YOUR OBJECTIVE - The lines to copy are those with "Women" in them. Pull each one from the entries below.
[EXCERPTED RECORDS — start]
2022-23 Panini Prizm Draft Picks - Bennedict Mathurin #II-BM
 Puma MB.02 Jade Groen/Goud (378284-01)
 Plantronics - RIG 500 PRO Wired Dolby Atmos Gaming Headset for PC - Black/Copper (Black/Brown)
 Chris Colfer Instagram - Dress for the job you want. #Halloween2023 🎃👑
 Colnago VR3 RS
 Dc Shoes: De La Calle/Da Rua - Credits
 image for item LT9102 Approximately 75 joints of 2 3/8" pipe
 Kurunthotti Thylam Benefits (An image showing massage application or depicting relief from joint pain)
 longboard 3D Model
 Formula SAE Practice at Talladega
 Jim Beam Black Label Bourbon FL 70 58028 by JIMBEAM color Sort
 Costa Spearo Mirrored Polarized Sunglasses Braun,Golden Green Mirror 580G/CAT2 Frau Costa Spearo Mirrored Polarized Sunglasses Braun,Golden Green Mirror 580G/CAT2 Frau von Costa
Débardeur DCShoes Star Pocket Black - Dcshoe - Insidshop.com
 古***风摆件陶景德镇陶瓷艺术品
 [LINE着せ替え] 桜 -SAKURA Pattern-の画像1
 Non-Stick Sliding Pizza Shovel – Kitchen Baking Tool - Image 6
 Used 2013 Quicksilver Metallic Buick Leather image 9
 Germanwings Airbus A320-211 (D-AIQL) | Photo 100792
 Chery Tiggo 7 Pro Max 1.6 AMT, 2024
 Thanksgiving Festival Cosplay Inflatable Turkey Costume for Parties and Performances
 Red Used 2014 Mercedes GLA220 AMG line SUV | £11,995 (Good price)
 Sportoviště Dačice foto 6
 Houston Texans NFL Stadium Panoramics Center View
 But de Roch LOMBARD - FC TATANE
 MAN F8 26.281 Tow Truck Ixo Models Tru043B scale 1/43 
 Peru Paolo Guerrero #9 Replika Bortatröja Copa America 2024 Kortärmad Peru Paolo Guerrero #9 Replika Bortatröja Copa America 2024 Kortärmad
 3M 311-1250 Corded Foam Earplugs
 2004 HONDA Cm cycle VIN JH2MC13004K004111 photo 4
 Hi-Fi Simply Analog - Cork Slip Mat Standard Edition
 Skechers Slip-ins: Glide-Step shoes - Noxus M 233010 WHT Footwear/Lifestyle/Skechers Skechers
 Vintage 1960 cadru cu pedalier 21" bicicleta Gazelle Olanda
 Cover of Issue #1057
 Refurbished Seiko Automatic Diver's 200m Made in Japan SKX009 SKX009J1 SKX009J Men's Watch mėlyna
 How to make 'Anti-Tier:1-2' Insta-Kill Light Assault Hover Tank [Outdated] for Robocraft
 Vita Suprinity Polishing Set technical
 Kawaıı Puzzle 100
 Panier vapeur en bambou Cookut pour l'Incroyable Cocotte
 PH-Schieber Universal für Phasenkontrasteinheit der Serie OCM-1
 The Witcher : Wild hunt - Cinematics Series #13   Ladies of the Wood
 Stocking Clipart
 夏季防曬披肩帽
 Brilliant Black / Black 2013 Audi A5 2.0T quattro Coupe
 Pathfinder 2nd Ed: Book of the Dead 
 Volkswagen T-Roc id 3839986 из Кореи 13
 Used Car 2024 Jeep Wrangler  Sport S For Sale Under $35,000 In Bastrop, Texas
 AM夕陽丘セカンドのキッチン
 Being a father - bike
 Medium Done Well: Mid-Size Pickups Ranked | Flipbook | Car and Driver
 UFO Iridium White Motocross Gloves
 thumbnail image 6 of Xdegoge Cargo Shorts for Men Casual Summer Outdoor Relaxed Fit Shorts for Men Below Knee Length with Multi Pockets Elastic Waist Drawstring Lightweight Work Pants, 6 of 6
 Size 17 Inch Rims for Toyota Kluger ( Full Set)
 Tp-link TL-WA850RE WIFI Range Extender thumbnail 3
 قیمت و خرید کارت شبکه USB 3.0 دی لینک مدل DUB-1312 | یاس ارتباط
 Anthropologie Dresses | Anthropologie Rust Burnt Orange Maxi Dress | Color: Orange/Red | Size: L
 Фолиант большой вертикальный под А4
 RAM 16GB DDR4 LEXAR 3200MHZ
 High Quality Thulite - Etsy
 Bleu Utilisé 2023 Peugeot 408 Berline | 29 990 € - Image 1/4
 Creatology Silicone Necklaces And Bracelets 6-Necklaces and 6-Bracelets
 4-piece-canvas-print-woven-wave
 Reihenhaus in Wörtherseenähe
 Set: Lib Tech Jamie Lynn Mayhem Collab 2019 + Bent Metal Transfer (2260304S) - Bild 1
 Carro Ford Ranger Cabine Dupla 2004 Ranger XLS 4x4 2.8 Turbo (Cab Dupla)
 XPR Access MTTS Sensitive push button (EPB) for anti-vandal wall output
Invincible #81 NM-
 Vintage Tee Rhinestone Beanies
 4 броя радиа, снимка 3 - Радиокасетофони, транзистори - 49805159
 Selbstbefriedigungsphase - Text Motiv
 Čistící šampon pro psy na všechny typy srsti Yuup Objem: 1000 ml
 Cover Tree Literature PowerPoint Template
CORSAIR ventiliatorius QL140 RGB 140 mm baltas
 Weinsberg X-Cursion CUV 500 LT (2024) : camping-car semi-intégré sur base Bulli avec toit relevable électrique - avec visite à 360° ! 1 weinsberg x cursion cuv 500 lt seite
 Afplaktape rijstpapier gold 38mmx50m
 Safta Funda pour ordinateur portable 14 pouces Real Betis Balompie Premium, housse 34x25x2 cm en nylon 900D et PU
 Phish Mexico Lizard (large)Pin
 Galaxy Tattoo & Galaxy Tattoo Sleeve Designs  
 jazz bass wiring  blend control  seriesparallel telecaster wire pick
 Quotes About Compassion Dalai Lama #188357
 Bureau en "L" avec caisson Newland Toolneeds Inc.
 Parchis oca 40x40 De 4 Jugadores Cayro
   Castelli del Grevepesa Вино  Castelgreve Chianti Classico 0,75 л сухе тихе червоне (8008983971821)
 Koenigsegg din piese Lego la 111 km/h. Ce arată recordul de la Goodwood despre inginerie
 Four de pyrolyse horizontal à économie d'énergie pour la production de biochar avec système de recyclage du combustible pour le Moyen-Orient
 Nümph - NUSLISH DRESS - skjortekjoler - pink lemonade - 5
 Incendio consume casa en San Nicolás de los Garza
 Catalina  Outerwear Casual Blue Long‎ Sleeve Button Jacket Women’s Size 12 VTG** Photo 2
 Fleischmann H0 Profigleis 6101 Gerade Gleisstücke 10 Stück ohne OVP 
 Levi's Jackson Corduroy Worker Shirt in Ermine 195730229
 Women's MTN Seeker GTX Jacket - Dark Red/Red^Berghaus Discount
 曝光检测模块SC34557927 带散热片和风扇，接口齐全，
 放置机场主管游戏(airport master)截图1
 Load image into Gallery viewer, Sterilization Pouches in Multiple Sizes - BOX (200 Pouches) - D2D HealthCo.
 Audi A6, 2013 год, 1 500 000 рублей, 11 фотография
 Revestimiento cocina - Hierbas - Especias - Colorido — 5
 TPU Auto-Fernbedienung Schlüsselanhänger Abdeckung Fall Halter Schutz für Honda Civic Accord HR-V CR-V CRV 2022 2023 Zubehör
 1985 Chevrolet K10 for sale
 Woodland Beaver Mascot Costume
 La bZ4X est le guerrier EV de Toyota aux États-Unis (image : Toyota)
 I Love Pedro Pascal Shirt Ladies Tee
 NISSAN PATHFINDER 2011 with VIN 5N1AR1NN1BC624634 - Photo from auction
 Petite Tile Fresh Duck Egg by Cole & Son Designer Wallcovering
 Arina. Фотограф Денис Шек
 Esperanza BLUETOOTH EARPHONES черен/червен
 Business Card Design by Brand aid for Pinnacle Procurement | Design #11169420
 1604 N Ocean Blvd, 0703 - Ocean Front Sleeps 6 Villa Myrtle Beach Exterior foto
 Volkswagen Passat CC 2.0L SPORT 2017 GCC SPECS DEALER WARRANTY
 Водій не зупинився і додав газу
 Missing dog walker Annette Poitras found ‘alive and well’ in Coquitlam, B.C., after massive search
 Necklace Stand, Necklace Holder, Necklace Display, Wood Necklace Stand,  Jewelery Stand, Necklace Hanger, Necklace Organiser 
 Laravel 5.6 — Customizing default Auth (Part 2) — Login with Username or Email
[EXCERPTED RECORDS — finish]
COMPLETED EXERCISE -
 Catalina  Outerwear Casual Blue Long‎ Sleeve Button Jacket Women’s Size 12 VTG** Photo 2
 Women's MTN Seeker GTX Jacket - Dark Red/Red^Berghaus Discount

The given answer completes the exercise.